INPUT DATA
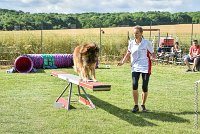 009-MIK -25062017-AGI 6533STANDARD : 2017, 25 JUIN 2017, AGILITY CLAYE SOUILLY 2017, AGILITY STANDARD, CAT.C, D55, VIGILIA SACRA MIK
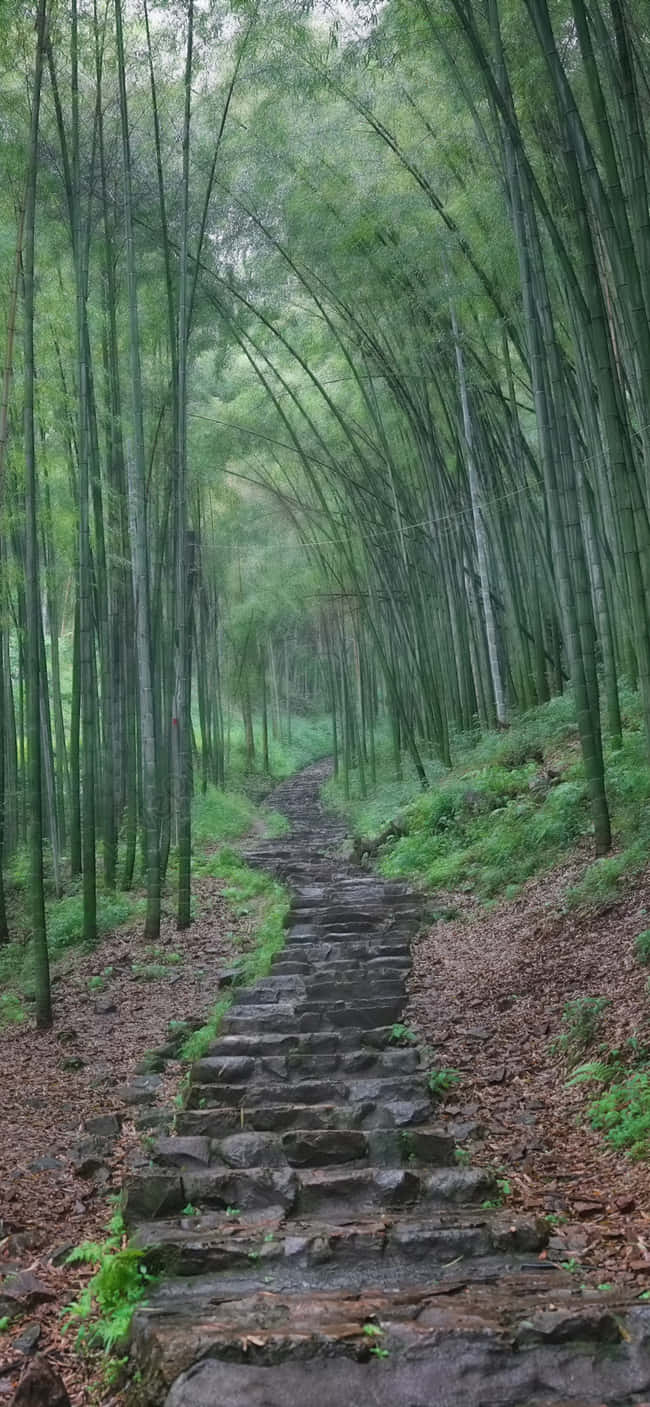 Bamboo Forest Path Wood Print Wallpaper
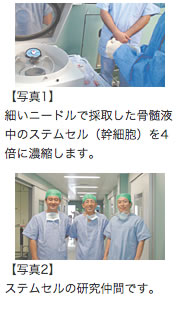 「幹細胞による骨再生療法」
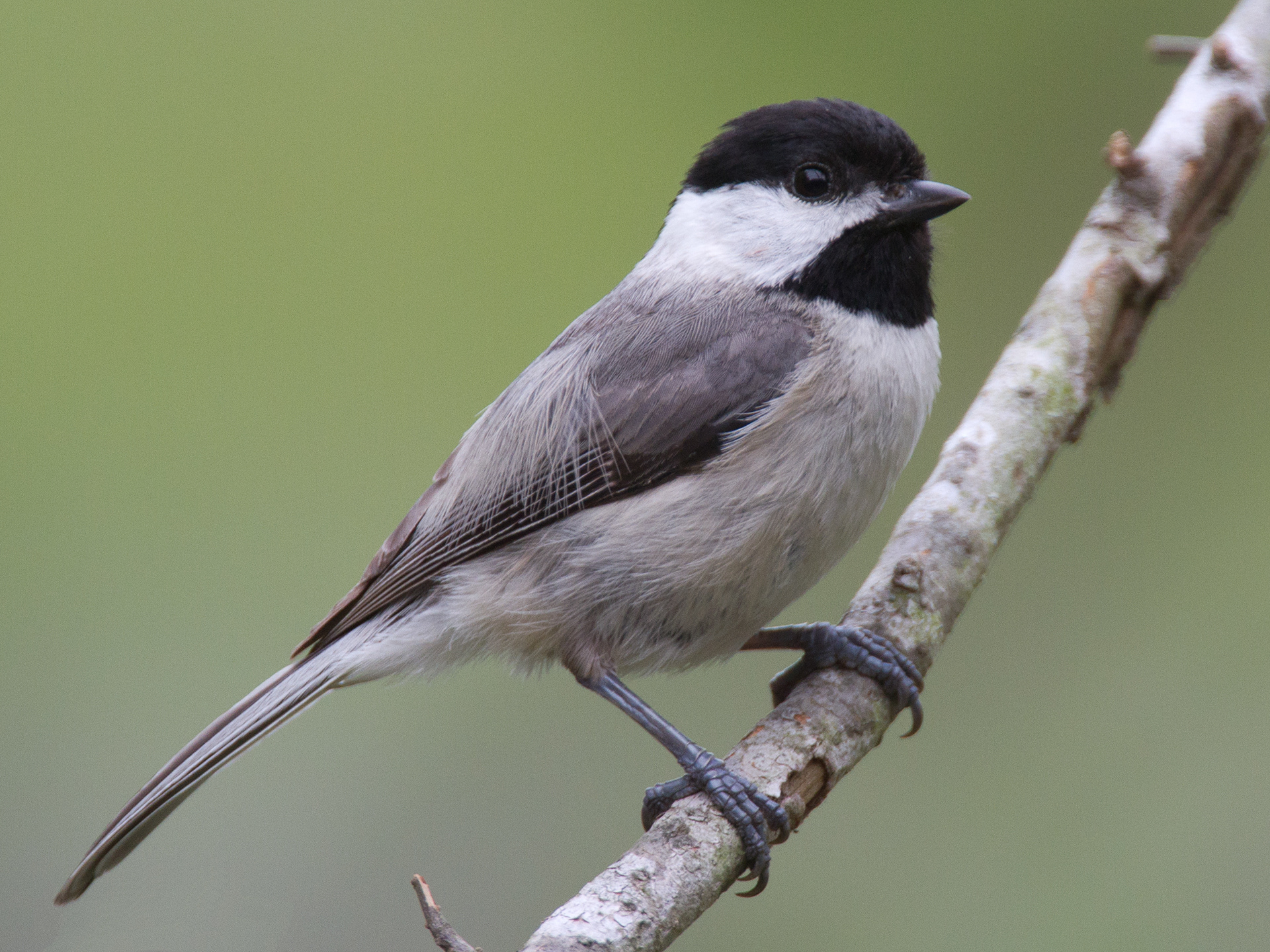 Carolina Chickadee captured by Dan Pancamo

ASSIGNED TASK
Using the listing above, write out exactly the lines from the one that holds "Bamboo Forest Path Wood Print Wallpaper" through the last line, both included, and omit pictures.

OUTPUT OF THE EXERCISE
 Bamboo Forest Path Wood Print Wallpaper
 「幹細胞による骨再生療法」
 Carolina Chickadee captured by Dan Pancamo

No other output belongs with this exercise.